◆ Instructions to follow
Exactly as they appear, output all of the records. Skip any images.

== Data to process ==

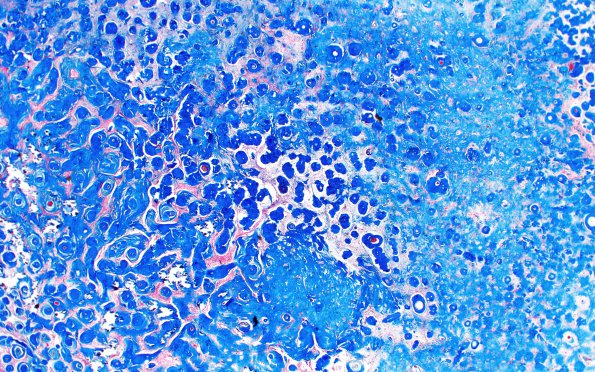 2D1 Amyloidoma (Case 2) Trichrome 3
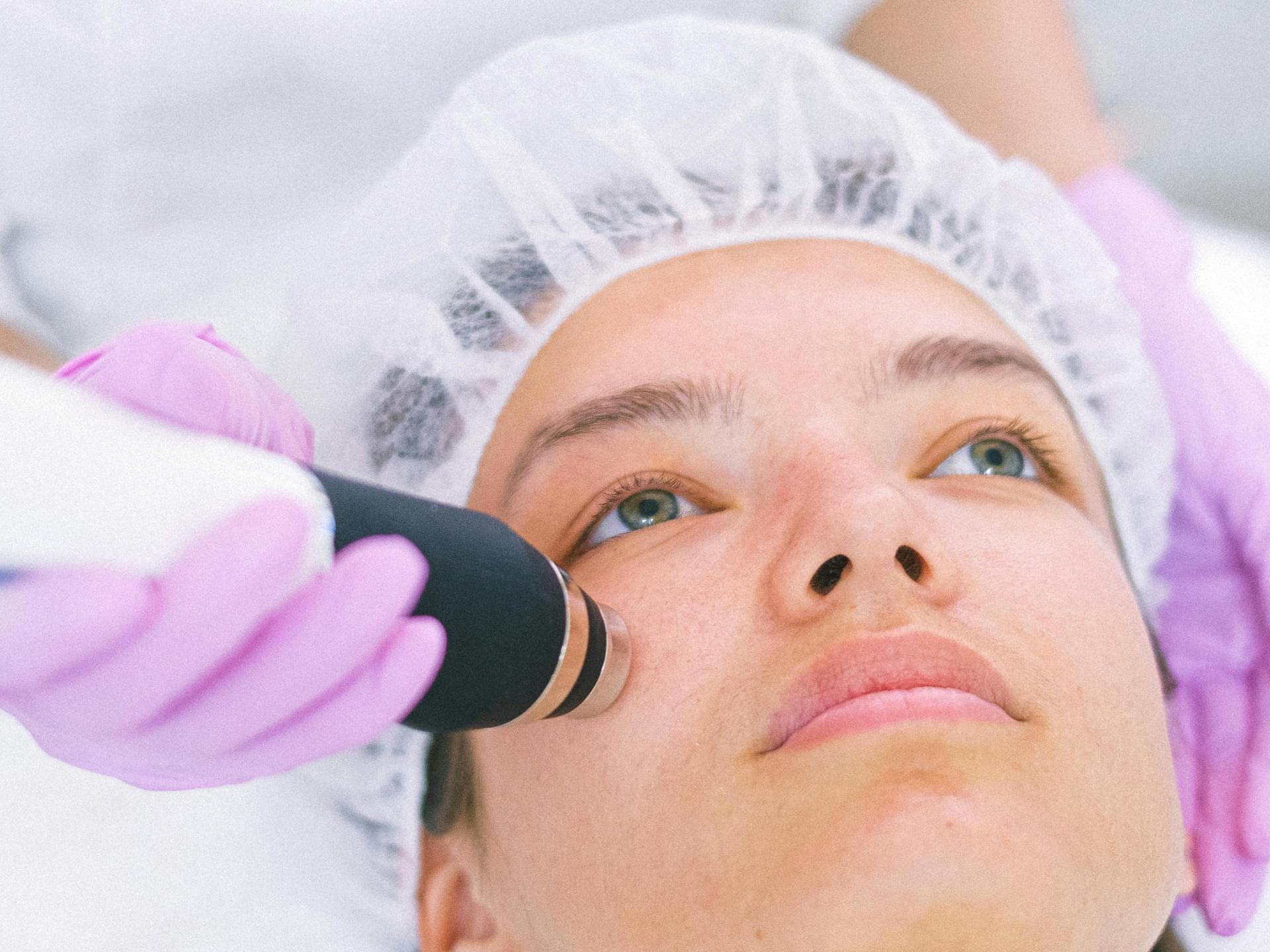 Hydradermabrasion Anwendung der Hydradermabrasion Gesichtsbehandlung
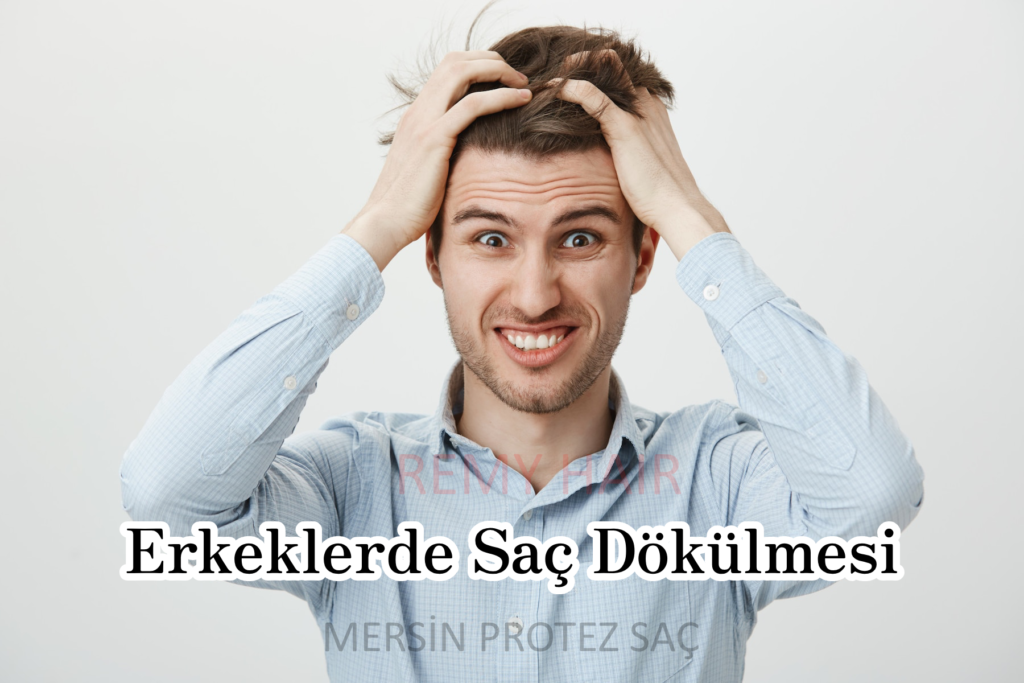 Erkeklerde Saç Dökülmesi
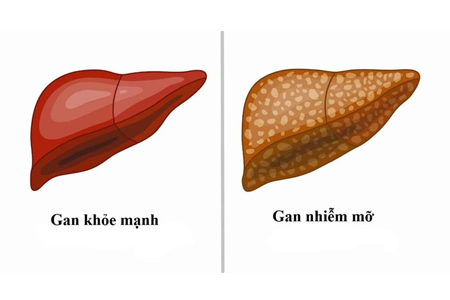 Trị bệnh gan nhiễm mỡ như thế nào?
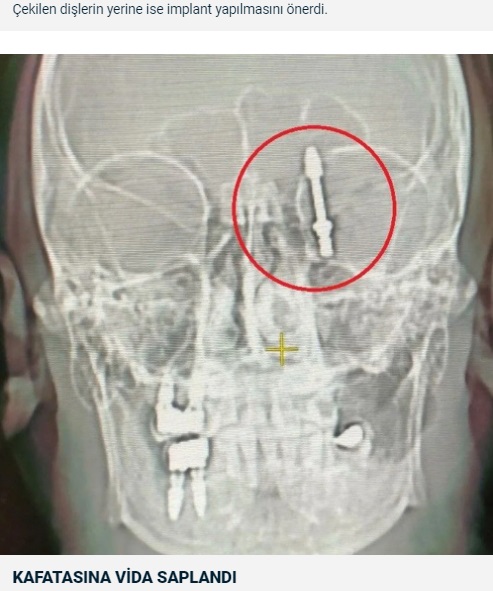 スクリューは上顎の骨を貫通し、眼球を支えている薄い骨（眼窩底）に突き刺さっていた。慌てた歯科医師は自ら車を運転し、ラマザンさんを地元のウルダー大学病院の救急外来に連れて行き、そのまま逃げてしまった（『NTV Haber　「İmplant tedavisinde vida beynine saplandı: Yanlış tedavi hayatını kararttı」』より）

===

◆ Your response
 2D1 Amyloidoma (Case 2) Trichrome 3
 Hydradermabrasion Anwendung der Hydradermabrasion Gesichtsbehandlung
 Erkeklerde Saç Dökülmesi
 Trị bệnh gan nhiễm mỡ như thế nào?
 スクリューは上顎の骨を貫通し、眼球を支えている薄い骨（眼窩底）に突き刺さっていた。慌てた歯科医師は自ら車を運転し、ラマザンさんを地元のウルダー大学病院の救急外来に連れて行き、そのまま逃げてしまった（『NTV Haber　「İmplant tedavisinde vida beynine saplandı: Yanlış tedavi hayatını kararttı」』より）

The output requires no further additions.